# Remanufactured Revolver



## nailer (Apr 26, 2009)

I'm thinking of buying a revolver that the gs says was sent back because the cylinder wouldn't lock. It was fixed and it is being sold at a good price. Should I buy it? What do you think?


----------



## Baldy (Jun 21, 2006)

What make is it and what's the price?


----------



## nailer (Apr 26, 2009)

Taurus model 941, 22 magnum, $325.


----------



## dosborn (Apr 17, 2009)

Do you rally really want it?? One of those you just gotta have??

I like and own a Taurus, but I would try to steer away from their revolvers right now.

However, it does have a lifetime waranty.


----------



## nailer (Apr 26, 2009)

dosborn said:


> Do you rally really want it?? One of those you just gotta have??
> 
> I like and own a Taurus, but I would try to steer away from their revolvers right now.
> 
> However, it does have a lifetime waranty.


Why would you steer away from the revolvers now?


----------



## Baldy (Jun 21, 2006)

All I am going to say is Taurus is having timing issuses with some of their revolvers right now.
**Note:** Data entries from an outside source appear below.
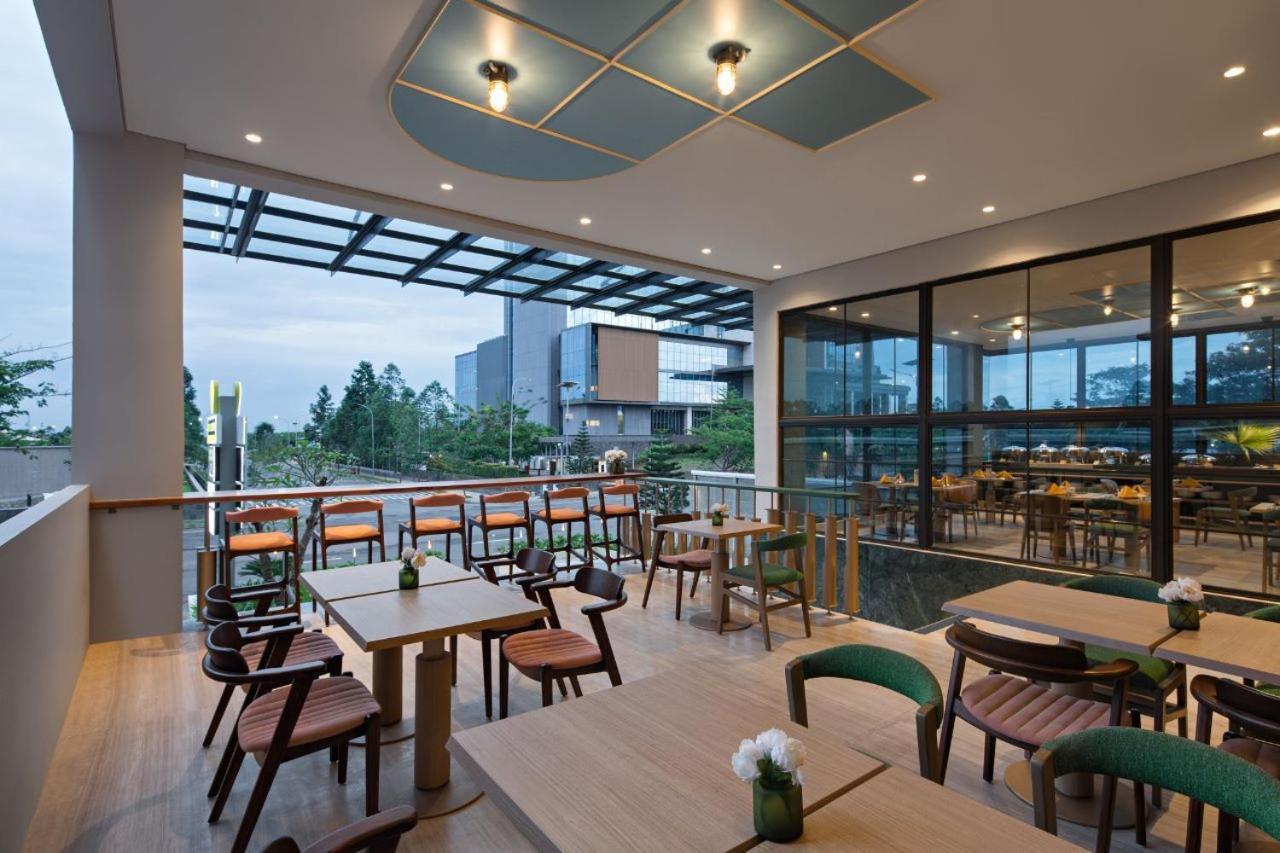 Maxonehotels At Kota Harapan Indah-Bekasi Exterior photo
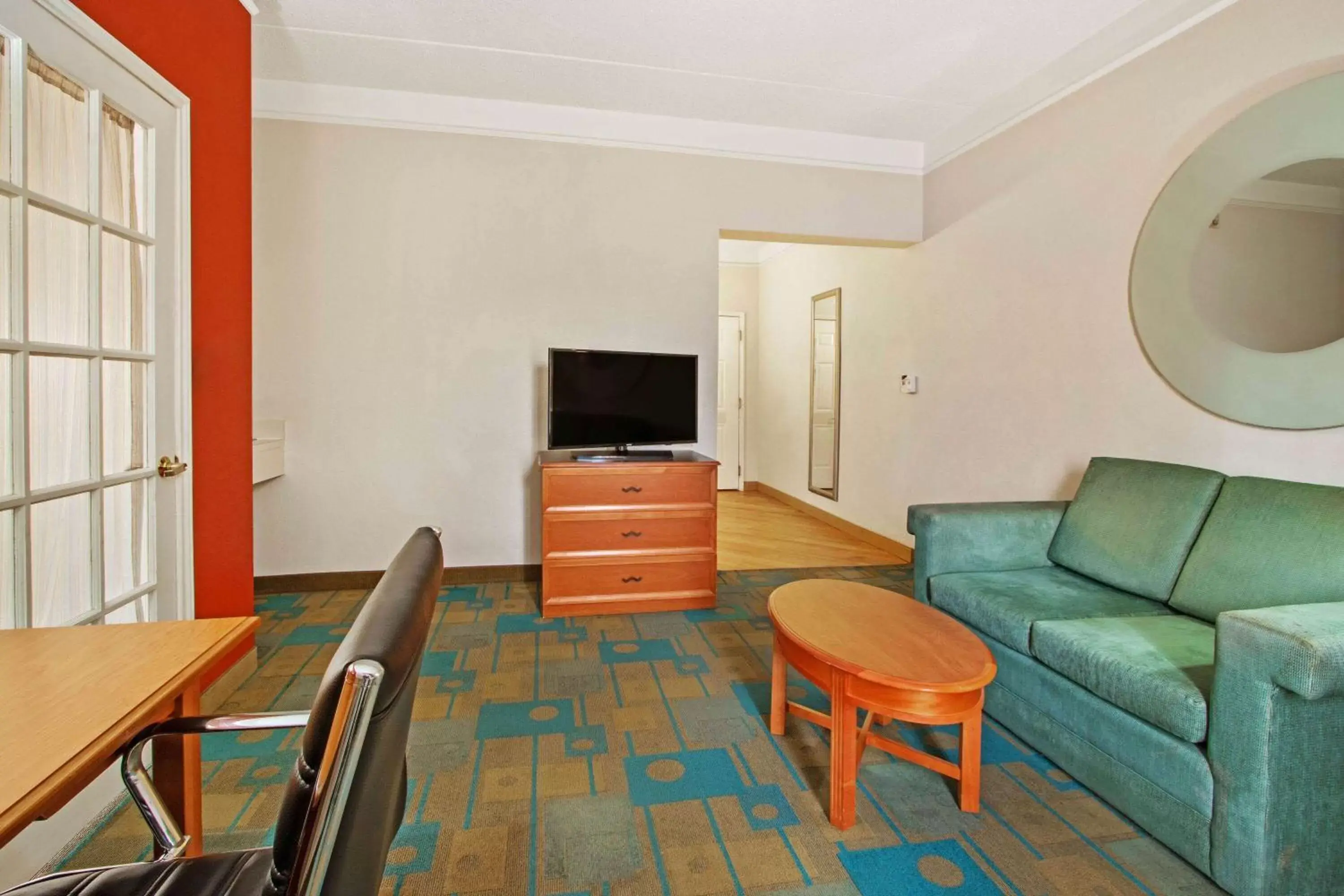 King Suite with Mobility/Hearing Impaired Access - single occupancy - Non-Smoking in La Quinta by Wyndham Albuquerque West King Suite with Mobility/Hearing Impaired Access - single occupancy - Non-Smoking in La Quinta by Wyndham Albuquerque West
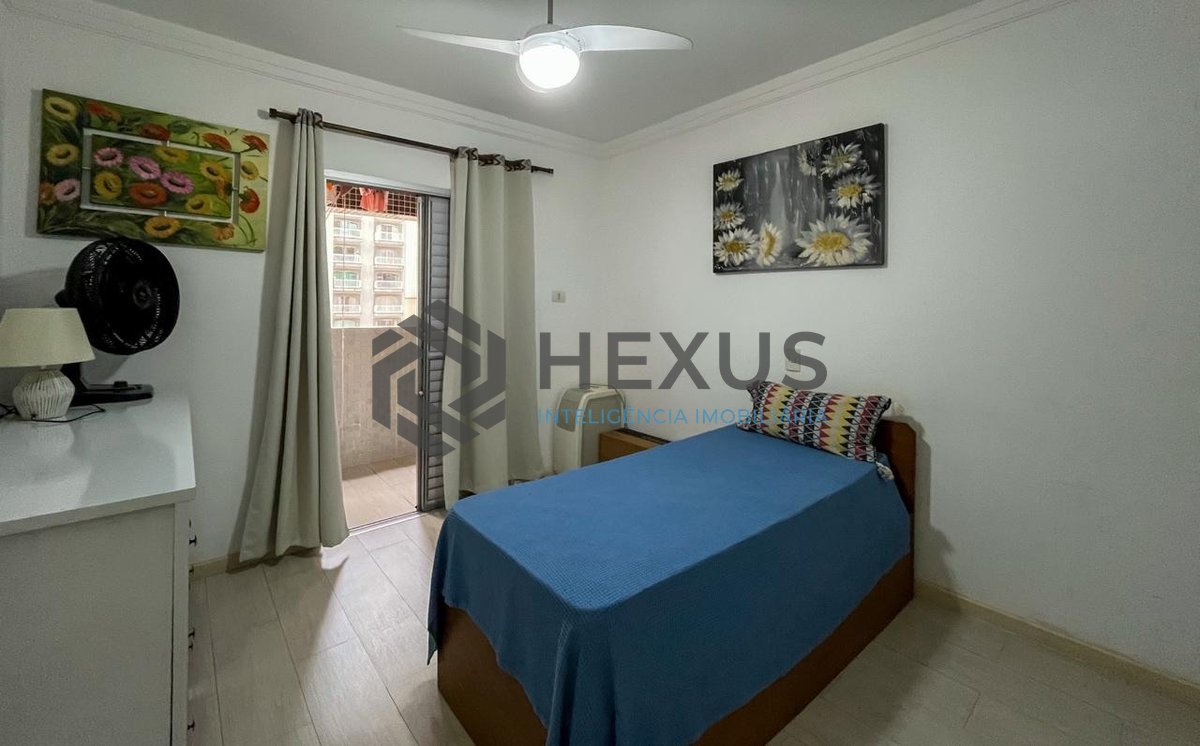 Foto 27 de Apartamento com varanda varanda e lazer na beira mar das Pitangueiras, Guarujá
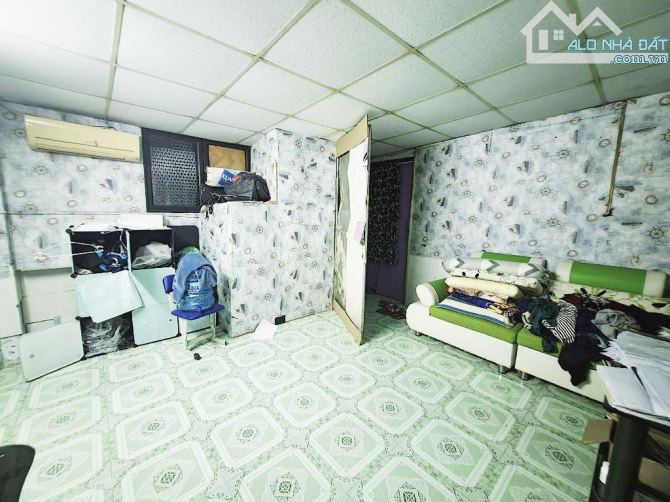 Bán nhà đường Hồng Lạc, ngay ngã tư Bảy Hiền, Tân Bình, DT 82m2, 3 tầng, nhỉnh 6 tỷ - 2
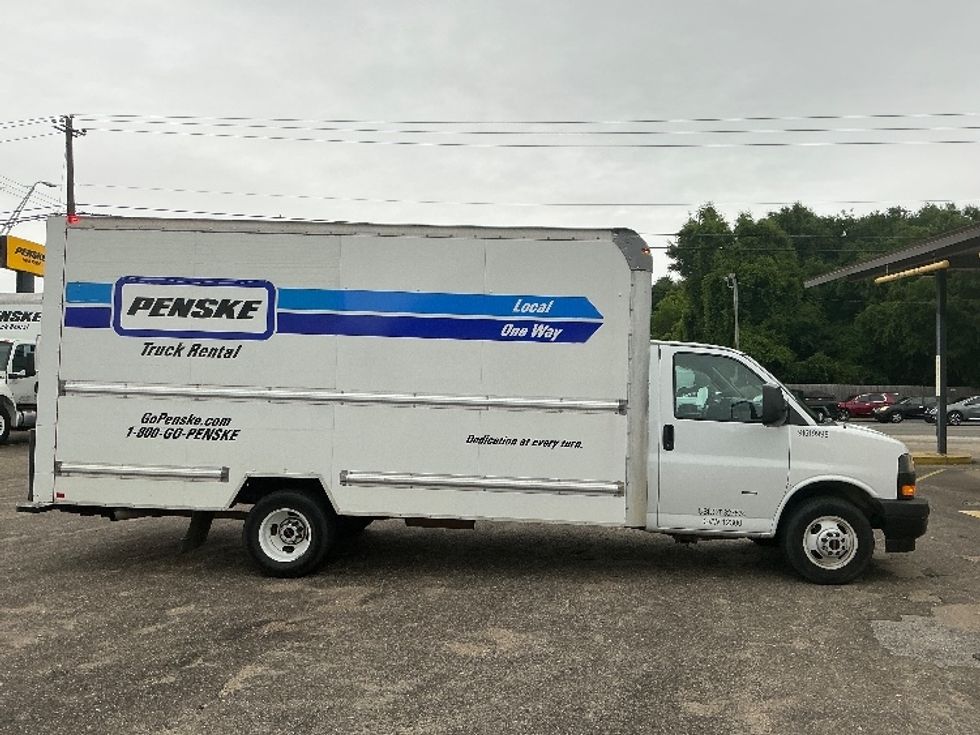 Light Duty Box Truck-Light and Medium Duty Trucks-GMC-2021-Savana G33903-Tallahassee-FL-82,717\n\t\tmiles-$ 29,500 - Image 15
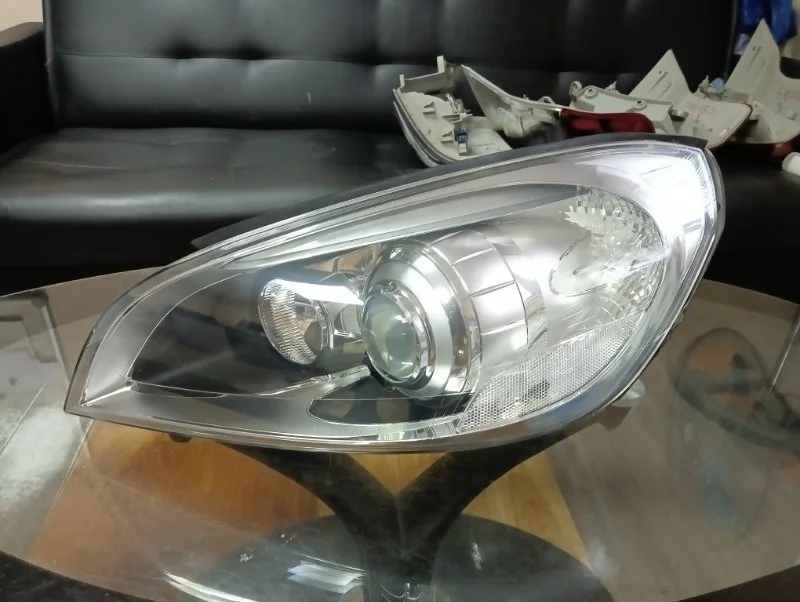 Фара ксенон Volvo S60 2010-2013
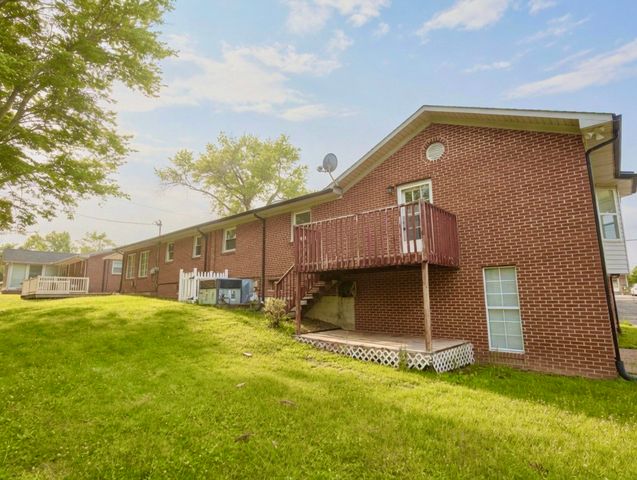 242 Dry Valley Rd, Cookeville, TN 38506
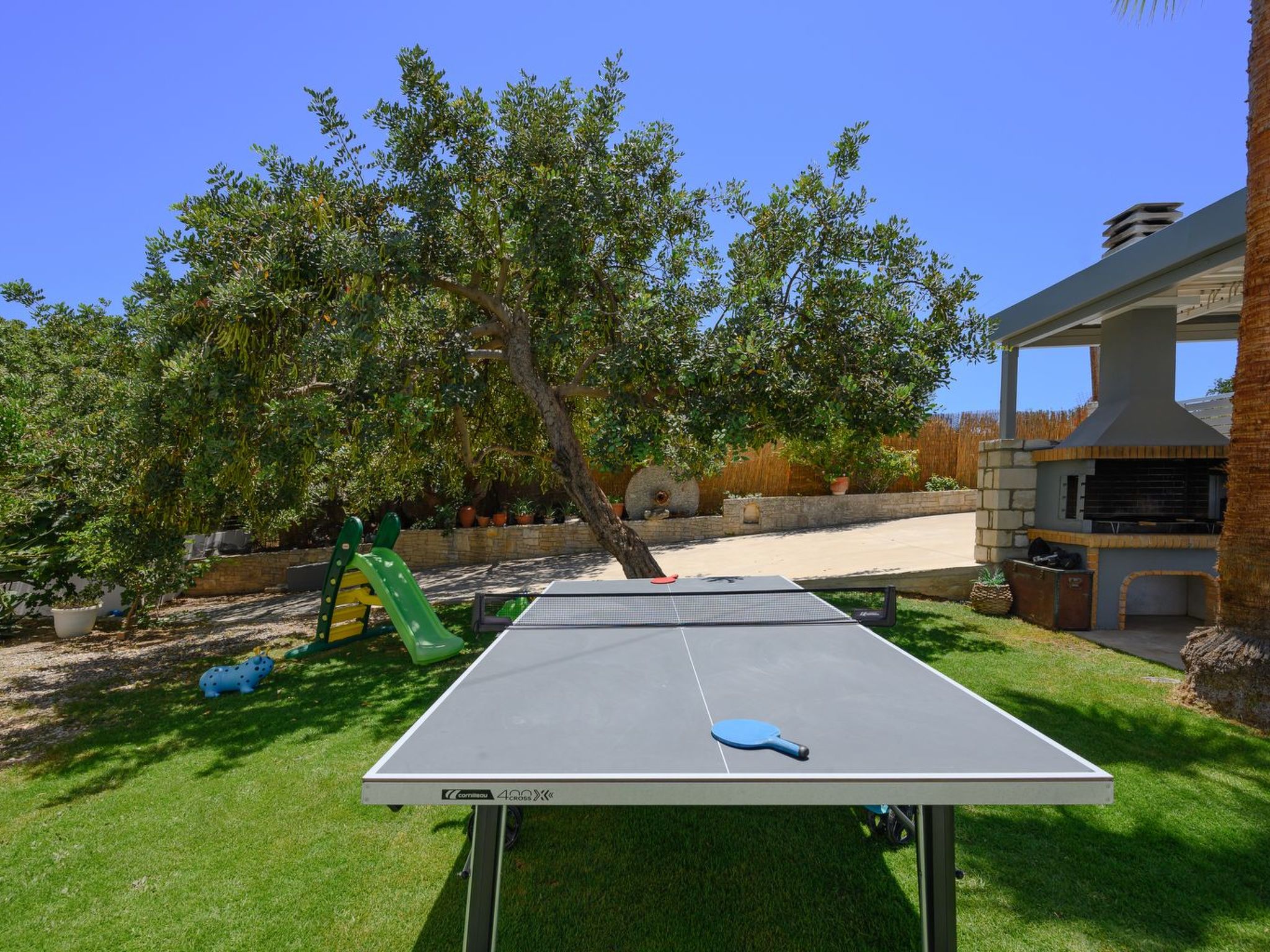 Villa mit Infinity-Pool und BBQ, Nähe zum Strand-Draußen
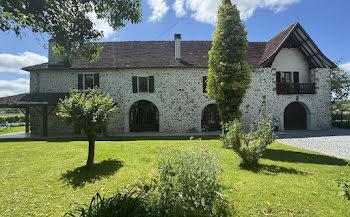 propriété à Sauveterre-de-Béarn (64)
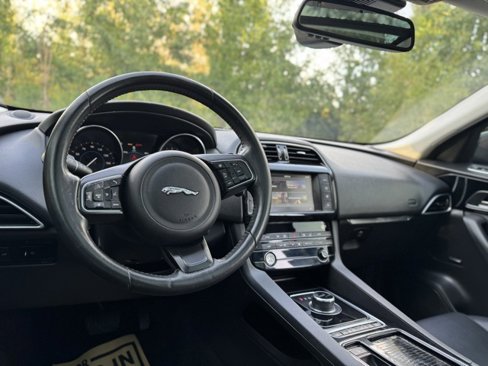Used 2018 Jaguar F-PACE Premium image 26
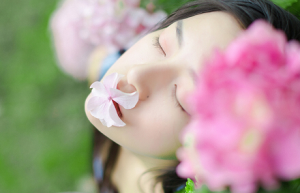 微风轻轻吹过，我在想你-二次元COS分享次元吧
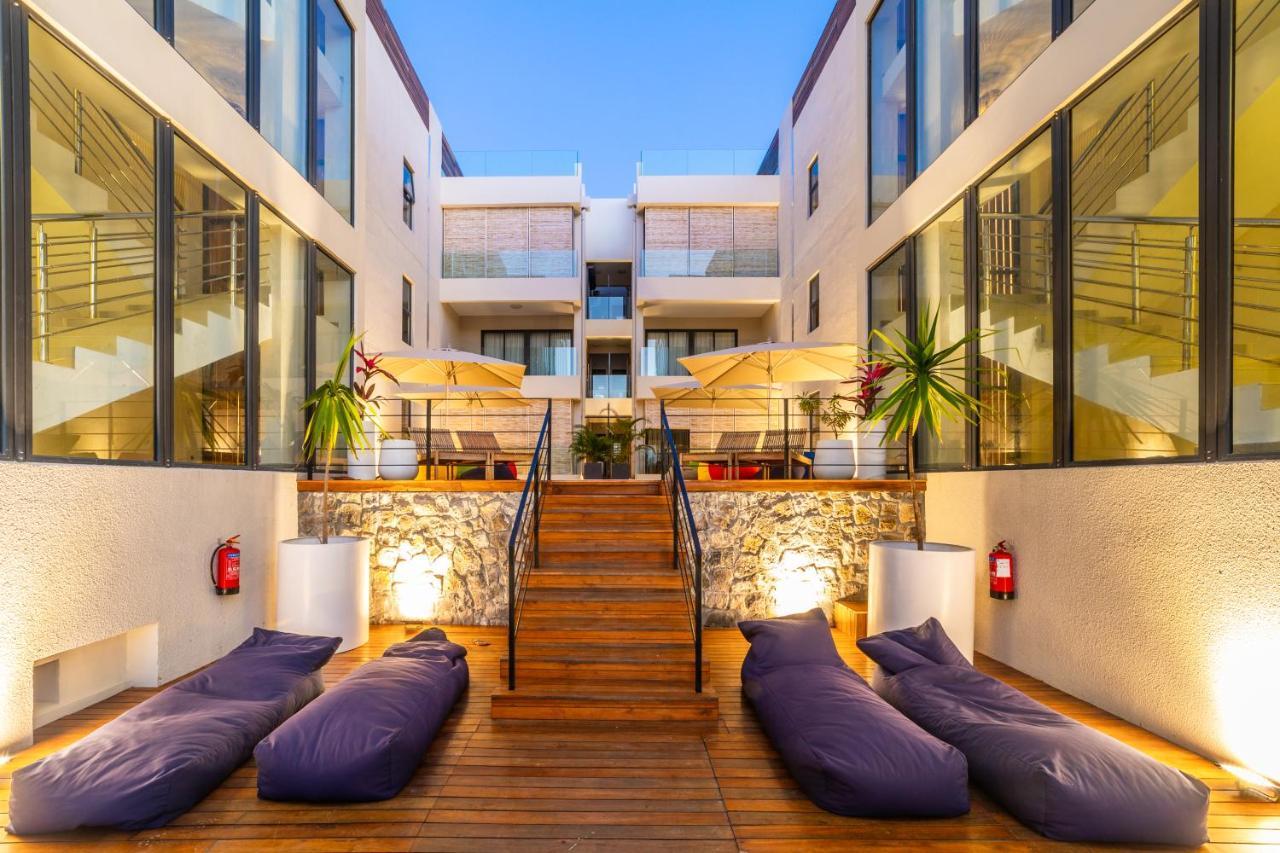 One Bay Residence Unit 15 - Penthouse With Private Roof Top, Jacuzzi And Sea View Grand Baie Exterior foto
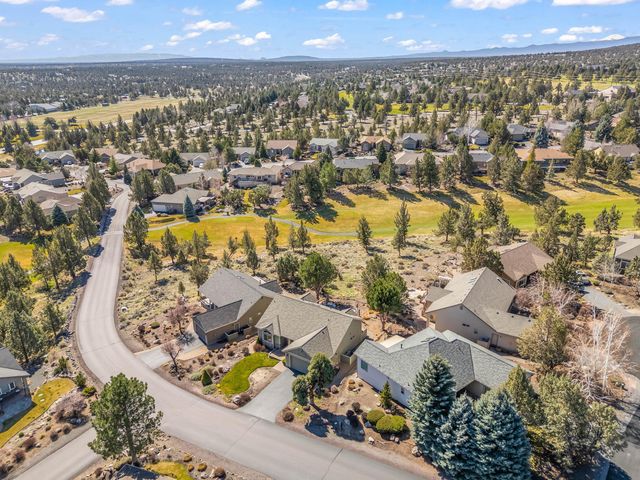 1065 Victoria Falls Drive, Redmond, OR 97756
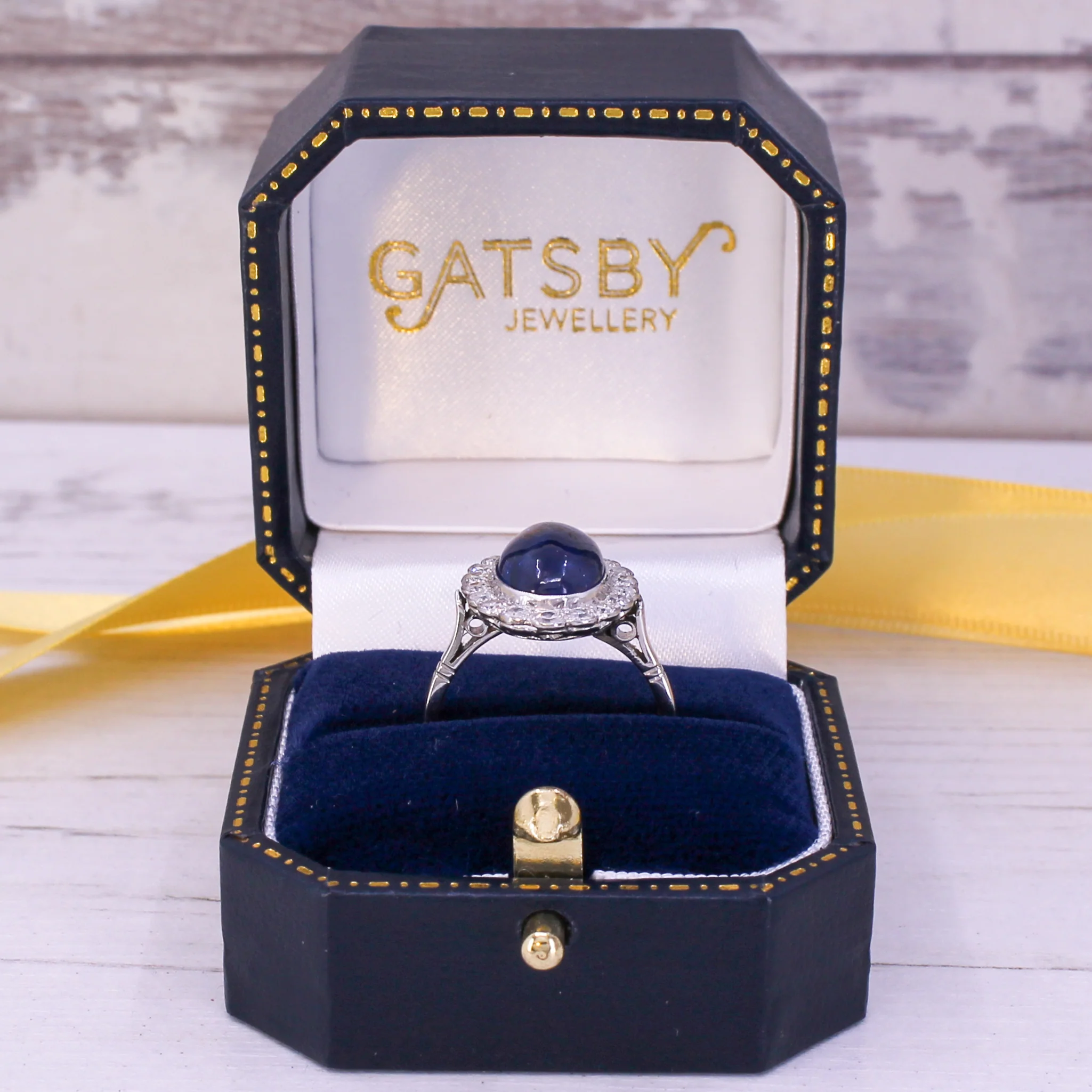 Art Deco 4.90 Carat Cabochon Sapphire & Diamond Ring, circa 1930 - Image 11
They are running from $403 to about $455 for that model new and that's MSRP. You can get them for about $50 bucks cheaper than that if you shop around.


----------



## dosborn (Apr 17, 2009)

nailer said:


> Why would you steer away from the revolvers now?


Exactly what Baldy said:smt1099


----------



## Freedom1911 (Oct 22, 2009)

dosborn said:


> Do you rally really want it?? One of those you just gotta have??
> 
> I like and own a Taurus, but I would try to steer away from their revolvers right now.
> 
> However, it does have a lifetime waranty.


Listen to the man. Taurus revolvers are what screwed me, I lost hundreds on their cheaply made POS.
Just my opinion, but that opinion comes from experience, from a frame screw falling out of the gun while I was shooting it, from one gun having to go hack for repairs before I ever fired one bullet out of it, for having to spend 100 in shipping and insurance to sent the trash guns back to the Taurus factory for repairs, for them taking 10 weeks to fix both guns and me being with out my guns for that long, and the money I lost when I sold them back to the ffl.
Taurus guns are like that nightmarish mother in law you just can't get away from.


----------